Scalable and Low Latency Lock-free Data Structures

Audience:
Topic:

Imagine that your program uses many threads, which insert and lookup millions times per second in a large data structure like std::map or std::unordered_map. Typically, you have to switch to a lock-free data structure for this task. Lock-free approaches perfectly scale data structures for multi-core systems, but hash tables and trees need some reorganization as more and more items are inserted and these reorganizations are hard to make lock-free. But the problem isn't only in contention and we also need to efficiently work with memory to develop a high performance data structure for the modern hardware. Cache conscious data structures address the problem by efficient usage of CPU caches and reducing the number of accesses to the main memory.

This talk makes a quick survey over several lock-free (primarily variations of hash table) and cache conscious (mostly trees) data structures. We'll discuss the best use cases for the data structures and their limitations. Besides performance in average cases, we'll also focus on worst case scenarios, which may introduce high tail latency on large busy systems. Tail, or high percentile, latency is a severe problem since it may reach significant values and the small percent of problem cases can be not so small in absolute values, e.g. if you service 1M users, then only 0.1% of them experiencing high processing time is a problem.
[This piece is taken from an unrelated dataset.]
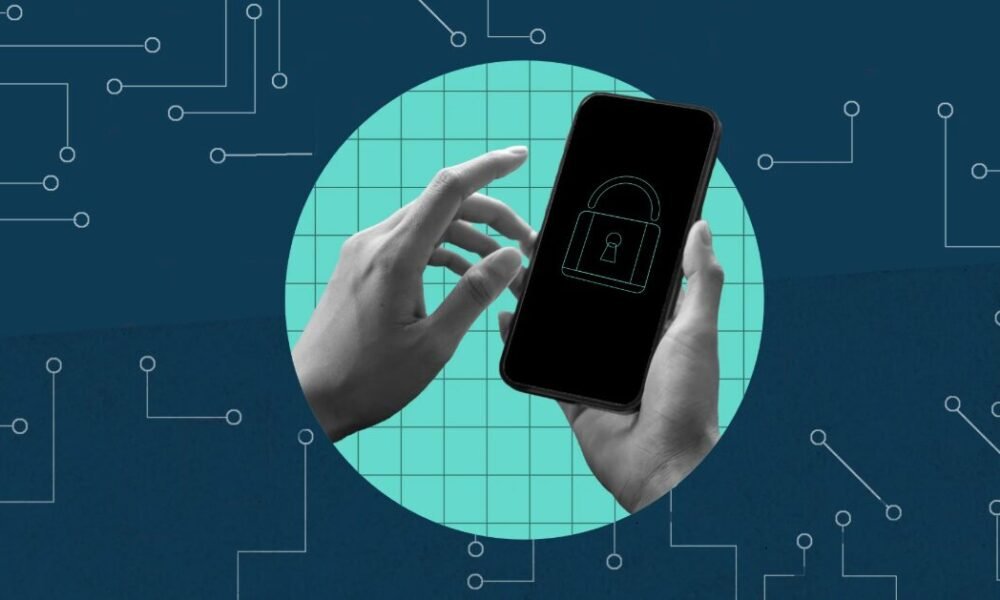 iofbodies.com Ethics: A Clear, Balanced Look at Transparency, Trust, and Responsibility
The main part of the talk is a step by step C++ implementation of Hash Trie, a hybrid lock-free cache conscious data structure, which provides good access time in average and worst case. We'll do microbenchmarks of the data structure and compare it with other data structures.

You'll learn about:
* when standard containers and locking mechanisms aren't enough
* several advanced data structures: split ordered lists and other variations of lock-free hash tables, tries (partricia trees) and hybrid data structures
* x86-64 memory ordering and cache hierarchy, operating system preemption and how to employ all the knowledge to implement a very fast data structure
* gotchas of data structures benchmarking, such as keys distribution, latency vs throughput, worst cases and so on
* an open source lock-free cache conscius Hash Trie implementation

Time:
Saturday, October 26, 2024 - 04:45